Restate the entries word for word and skip every image.

** Input data follows **

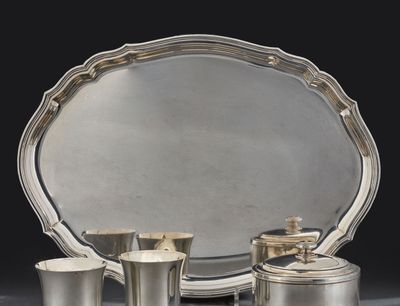 un plateau en argent avec des tasses en argent et un plateau en argent sur lequel sont posées des tasses en argent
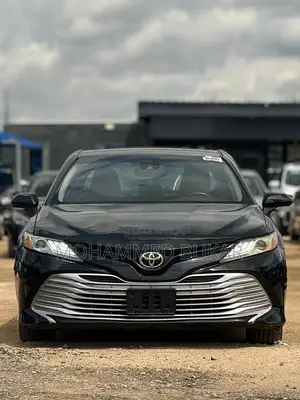 Toyota Camry XLE FWD (2.5L 4cyl 8AM) 2018 Black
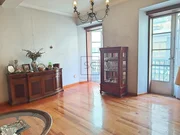 Piso con balcón en el centro, Ferrol.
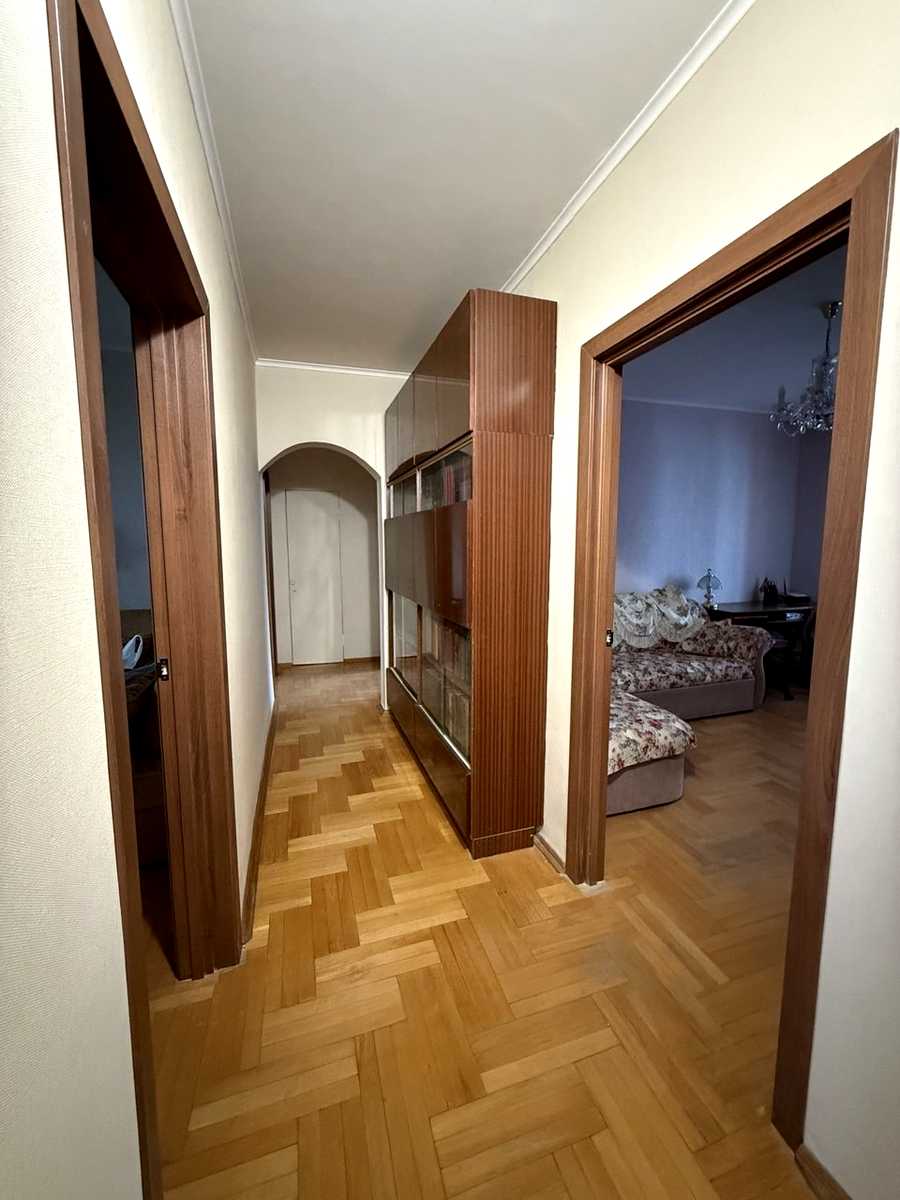 1880376865992765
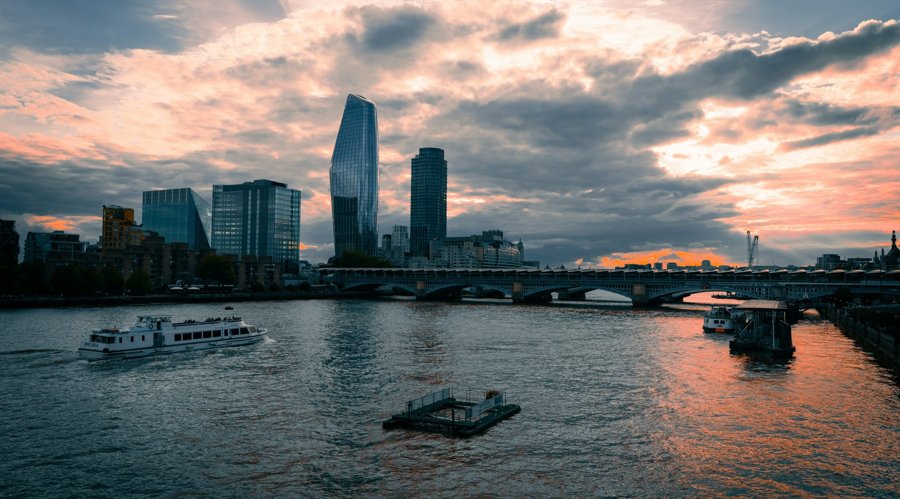 美股动态 | 礼来(LLY.US)上涨3.8% 华尔街主要投行维持“买入”评级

** End of Input data **

_Answer for the task_:
 un plateau en argent avec des tasses en argent et un plateau en argent sur lequel sont posées des tasses en argent
 Toyota Camry XLE FWD (2.5L 4cyl 8AM) 2018 Black
 Piso con balcón en el centro, Ferrol.
 1880376865992765
 美股动态 | 礼来(LLY.US)上涨3.8% 华尔街主要投行维持“买入”评级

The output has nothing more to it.